Tujuh orang diakon yang ditahbiskan adalah Fr. Daniel Depan Pratama, Fr. Stanislaus Kostka Bima Dwi Atmaja, Fr. Gregorius Virdiawan Mubin SCJ, Fr. Agustinus Dwi Handono SCJ, Fr. Isidorus Bryan Bowo Pangestu SCJ, Fr. Andreas Suko Ari Wasono SCJ, dan Fr. Albertus Frans Yoseph Kriswantoko SCJ.

Spes Non Confundit
Ketujuh diakon yang baru ditahbiskan mengangkat tema Spes Non Confundit yang berarti Pengharapan tidak akan mengecewakan. Diakon Daniel mewakili teman-temannya mengatakan bahwa perjalanan panggilan mereka melatarbelakangi pemilihan tema tahbisan ini.
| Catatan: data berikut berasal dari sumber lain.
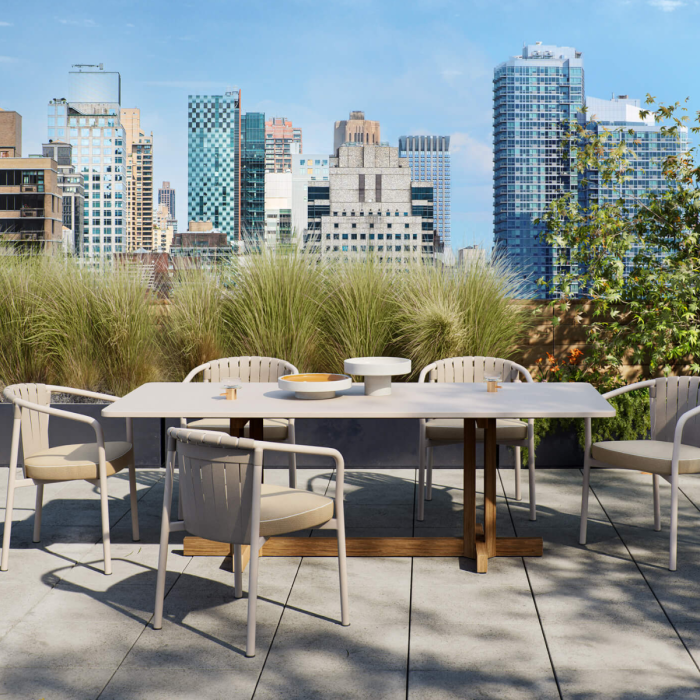 Moderno tavolo da pranzo Altar Boma di Kettal su terrazza all'aperto con sedie abbinabili, ambientazione urbana con grattacieli sullo sfondo, ideale per arredamento esterno di lusso e design moderno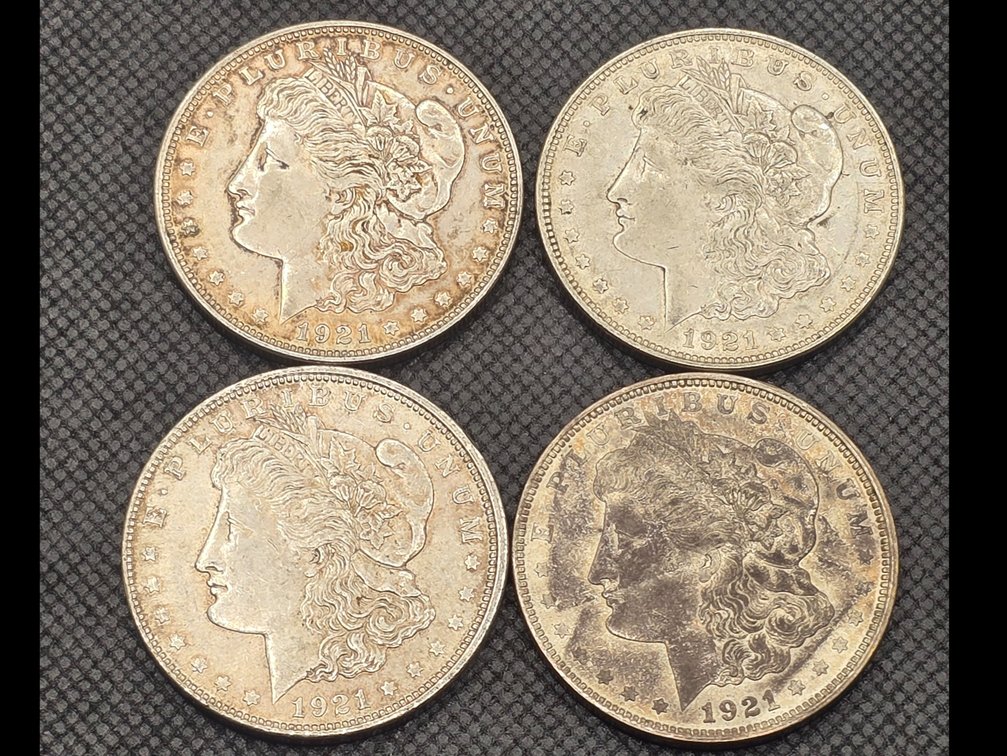 Four Morgan Silver Dollars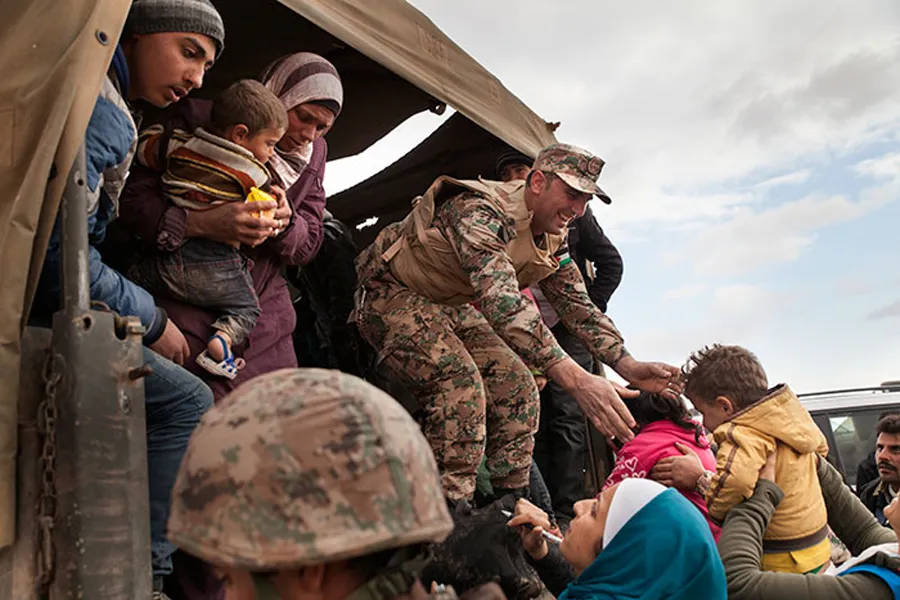 Jordanian troops and UNHCR officials help bring Syrian refugees to Jordan's Zaatari refugee camp. ?w=200&h=150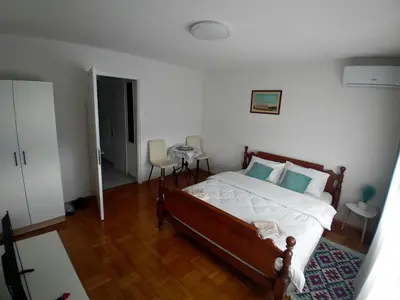 a bedroom with a bed with white sheets and blue pillows at Studio Bulevar in Banja Luka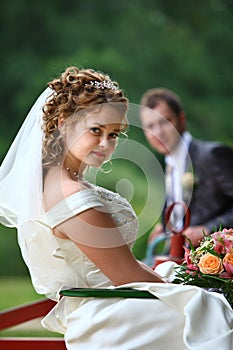 Bride and groom on swing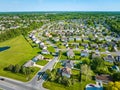 Red cars on neighborhood streets aerial with lots of houses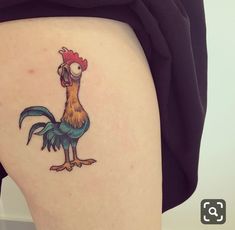 a woman's thigh with a rooster tattoo on it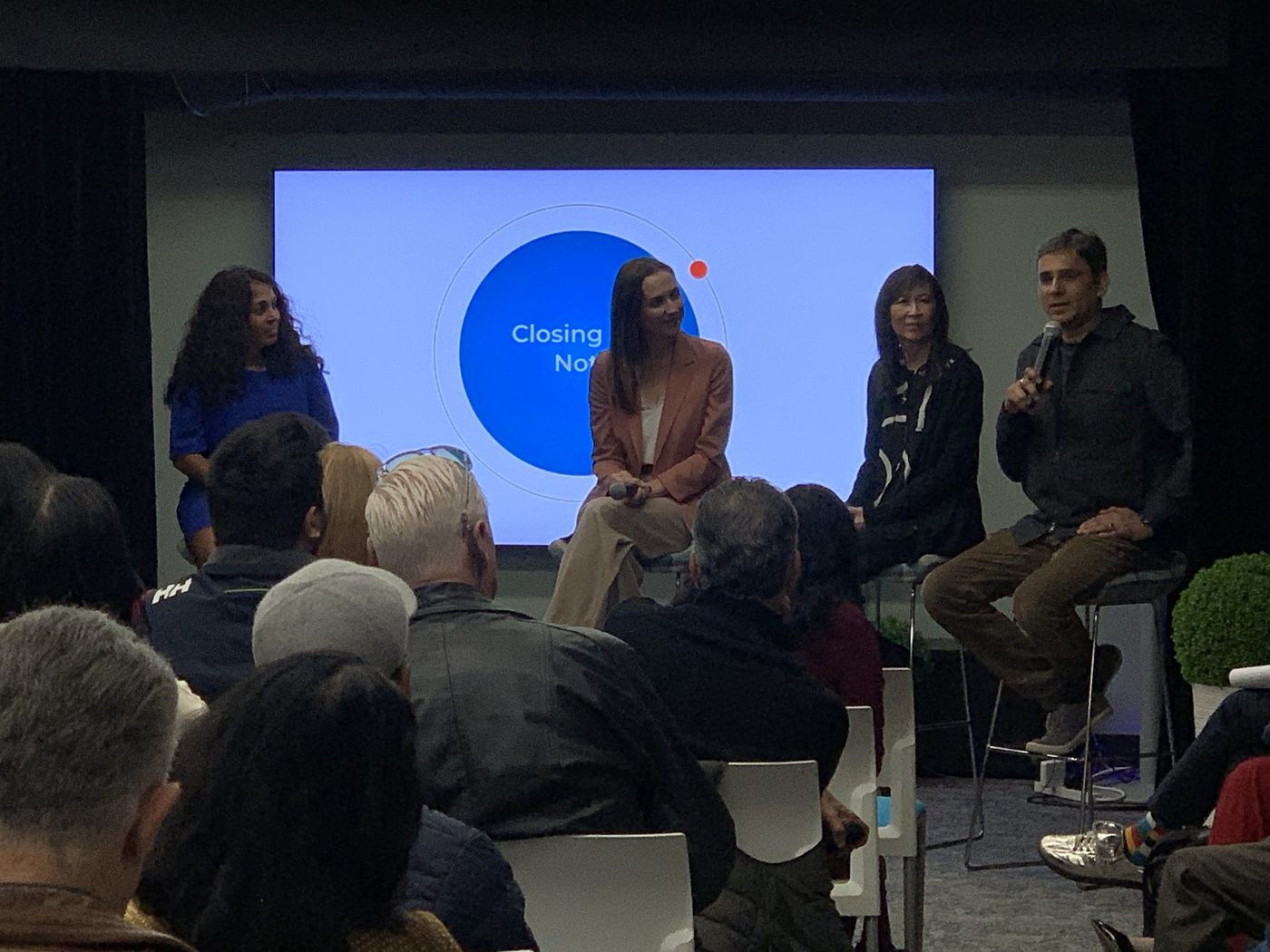 A four-person panel on stage at the TLEX Mastermind in Palo Alto, with a full audience in front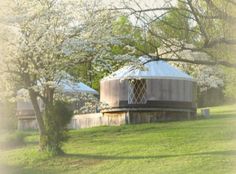 a large round structure sitting on top of a lush green field next to trees and bushes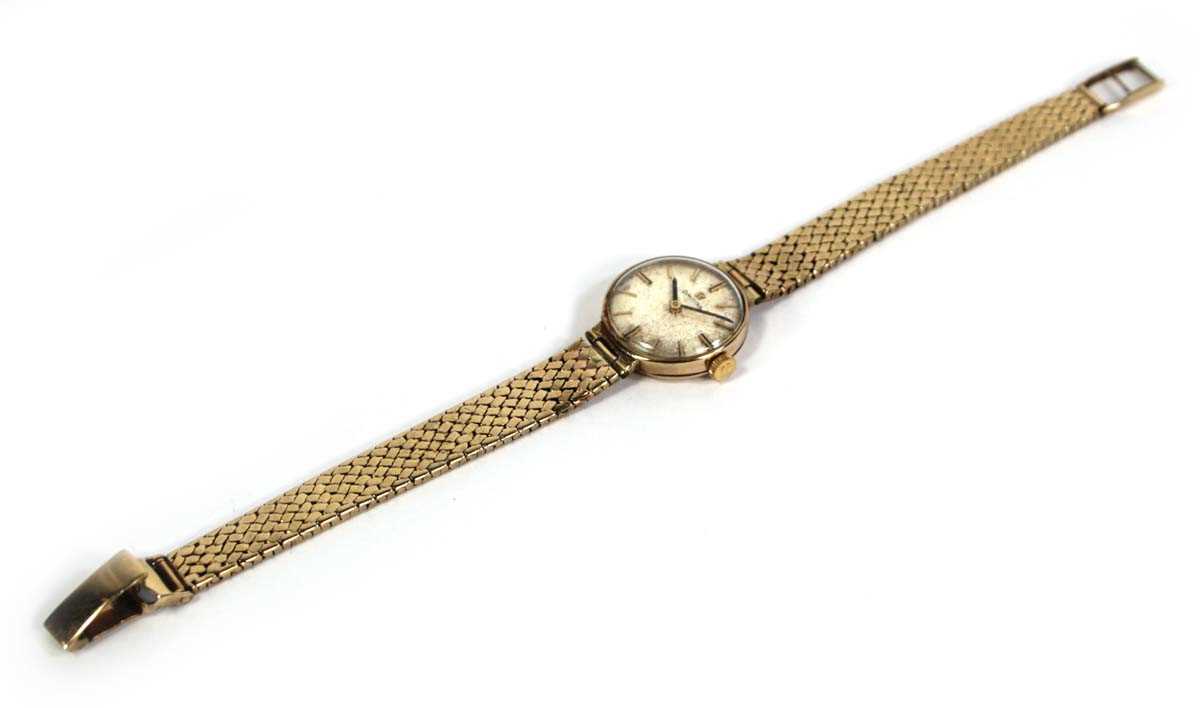 Lot 477 - A ladies 9ct yellow gold wristwatch by Omega,...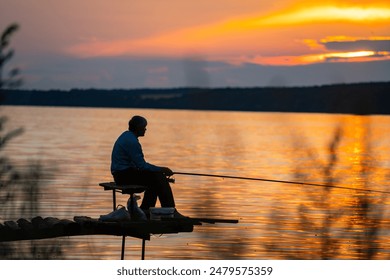 Fisherman at Sunset. A silhouette of a man fishing on a dock at sunset. The sky is ablaze with orange and yellow hues, reflecting on the still water. - Powered by Shutterstock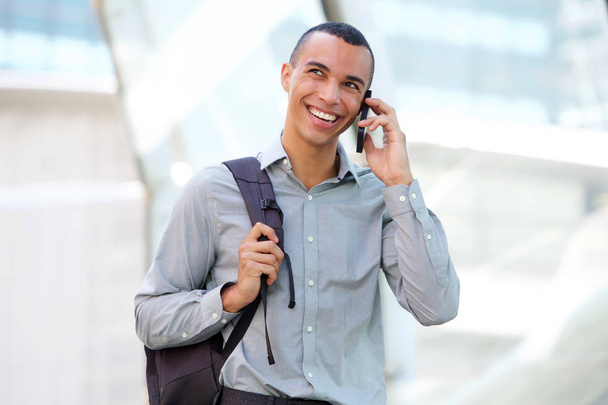 Πορτρέτο του νεαρός επιχειρηματίας, μιλώντας στο κινητό τηλέφωνο και χαμογελαστός - Φωτογραφία, εικόνα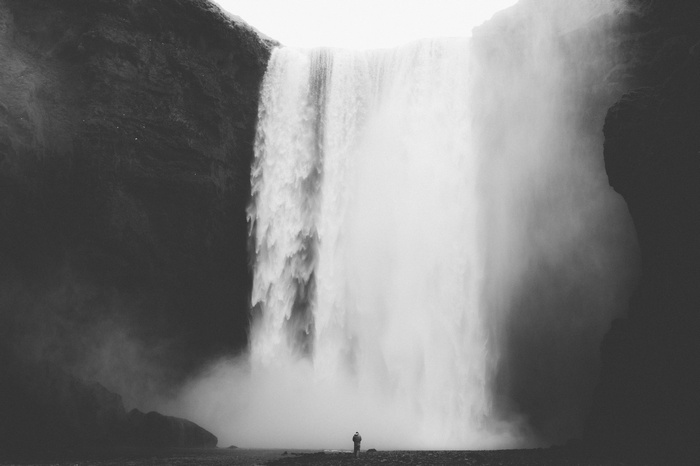 A lone person stands before a massive waterfall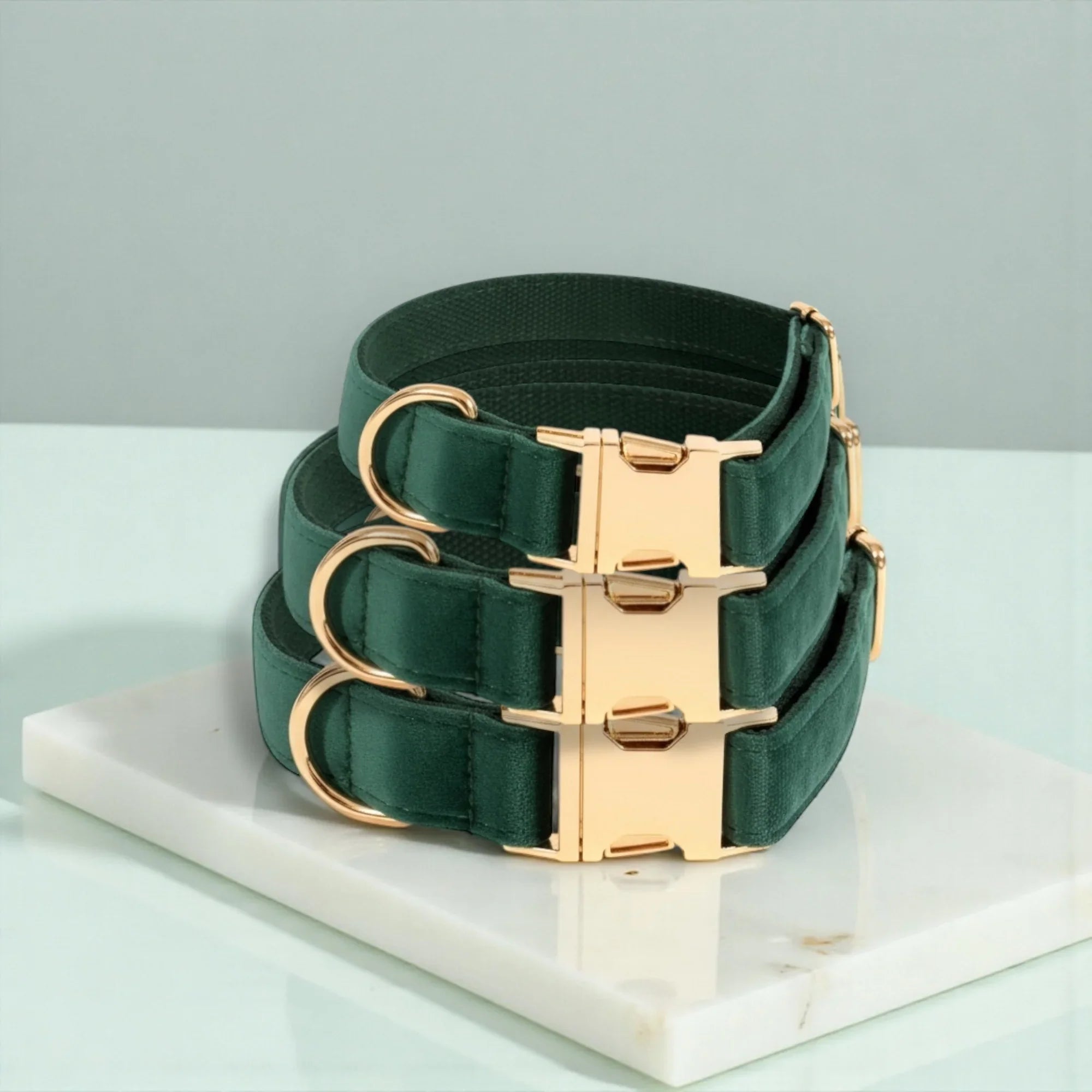 Green Velvet Dog Collars On white table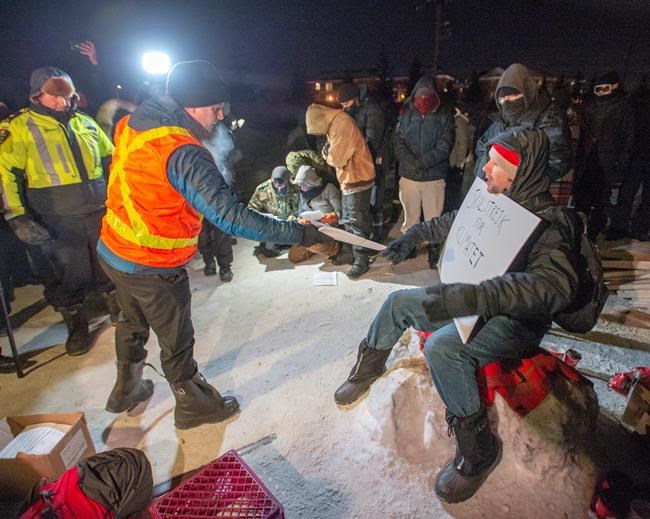 Police serve an injunction to protesters at a rail blockade in St-Lambert, south of Montreal, Que. on Thursday, February 20, 2020. The protesters are blocking the line in solidarity with the Wet'suwet'en hereditary chiefs opposed to the LNG pipeline in northern British Columbia. THE CANADIAN PRESS/Ryan Remiorz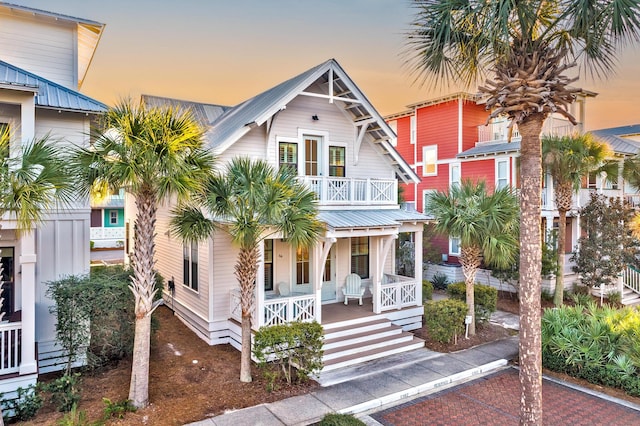 view of front of home featuring a porch and a balcony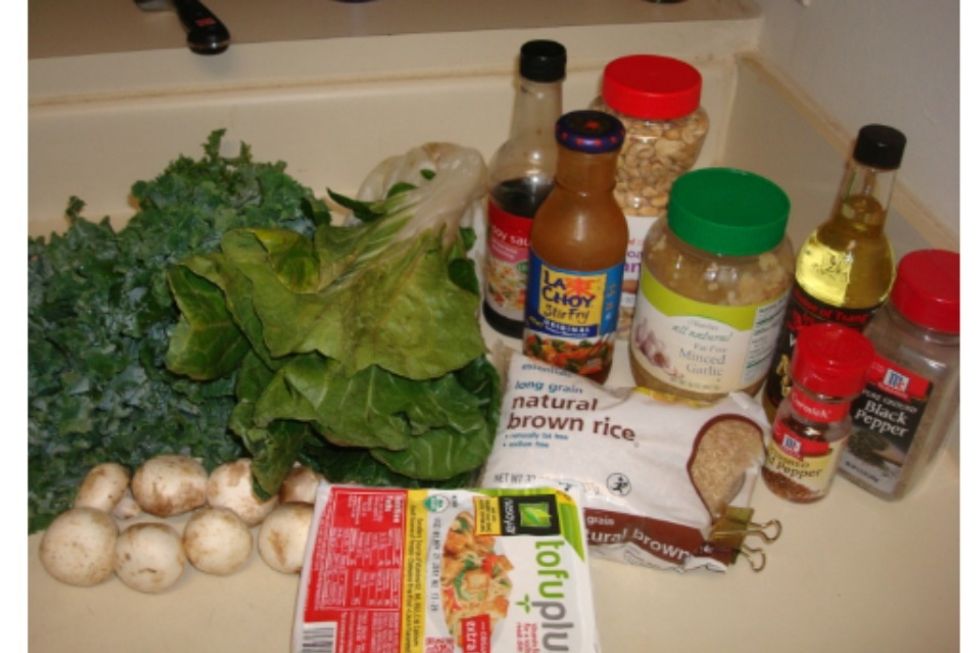 Ingredients: Kale, Bok Choy, Tofu, Mushrooms, Brown Rice, Garlic, Peanuts, Stir Fry Sauce, Spices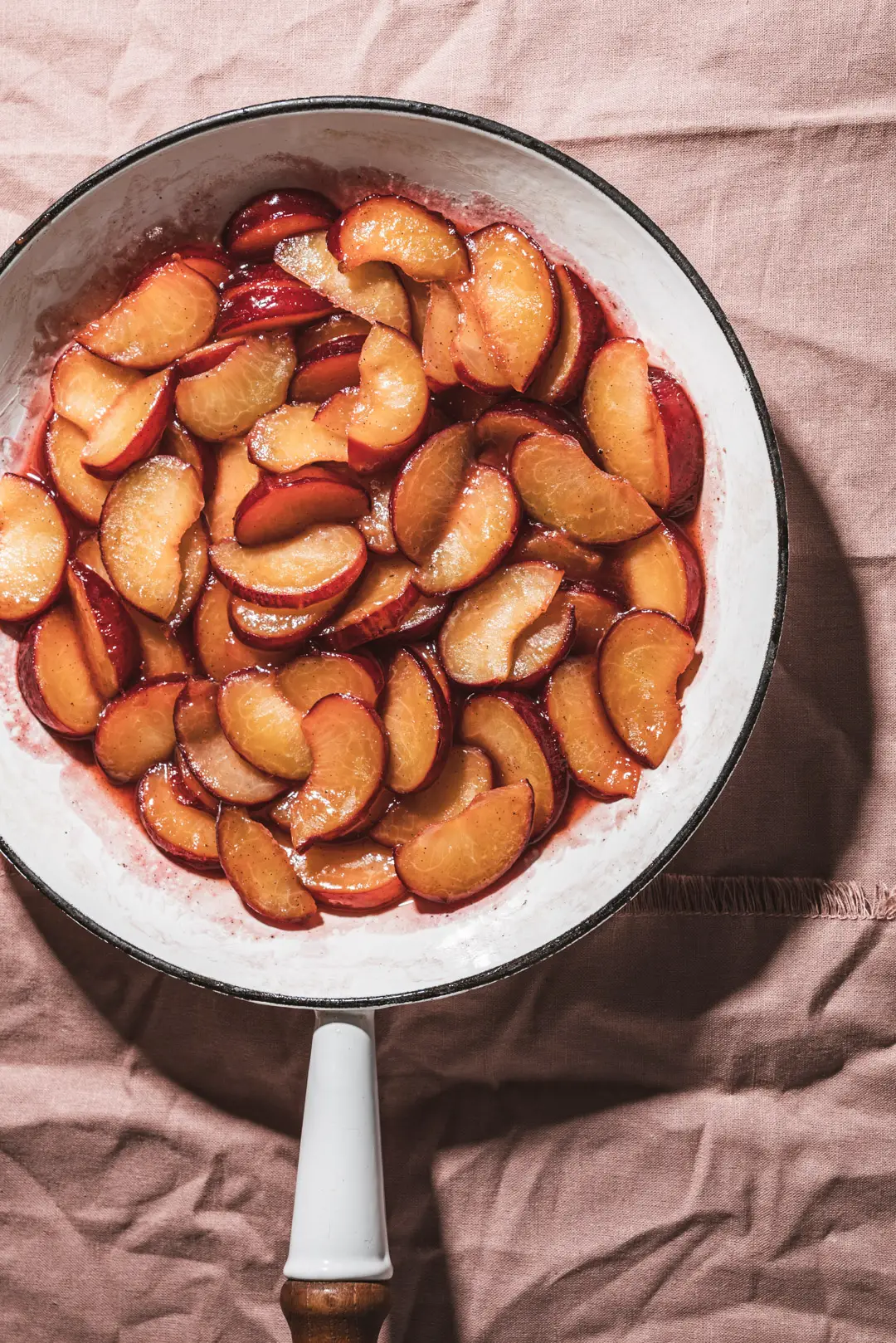 Sautéeing plums in a bit of butter, honey & vanilla is the simplest way to transform them. They become luscious, ruby tinged jewels ready to adorn your everyday eats. Enjoy them atop a simple bowl of yogurt, ice cream, oatmeal or pancakes. These simple sautéed plums will make you reconsider simply eating a plum out of hand.
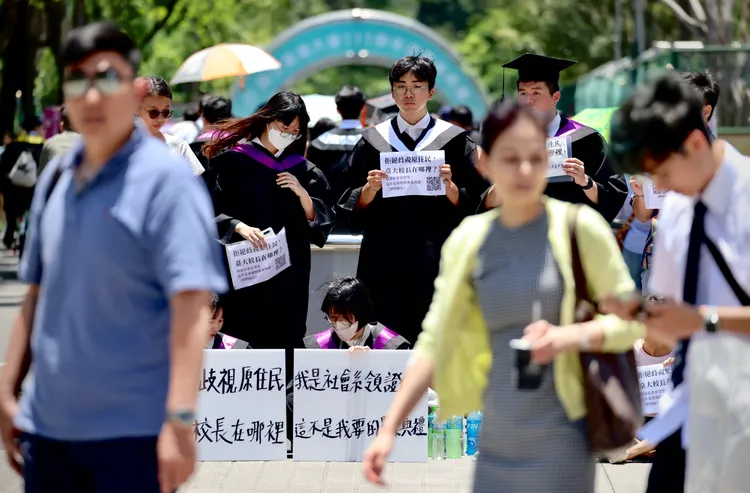 台大今日舉行畢業典禮，有畢業生在會場外舉牌抗議。林林攝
“Dalam perjalanan kami sering merasa lelah, ada harapan yang tak terwujud, dan kami sering merasa gagal. Tapi dengan pengharapan yang Tuhan berikan, kami memiliki pemikiran berbeda. Kami mohon doa supaya kami tetap setia, supaya pengharapan anda (pada kami) tidak mengecewakan,” kata Diakon Daniel ketika menyampaikan sambutannya.
Romo Andreas Suparman SCJ selaku Pater Provinsial SCJ juga berpesan untuk para diakon agar senantiasa membuka hati untuk Tuhan.
“Proficiat atas keterbukaan hati menerima rahmat agung Allah. Semoga hidupmu dipenuhi sukacita dalam kesatuan bersama Allah, dan mempersembahkan hidup hanya bagi Allah dan gerejanya.”

Sebelum memberikan berkat penutup, Bapak Uskup juga memberikan pesan khusus bagi ketujuh diakon yang baru ditahbiskan melalui pantun yang menjadi ciri khasnya.
“Main dakon di keuskupan. Main dakon rame-rame. Diakon artinya pelayanan. Di-akon rono yo rono, di-akon rene yo rene (Disuruh ke sana ya ke sana, disuruh ke sini ya ke sini).”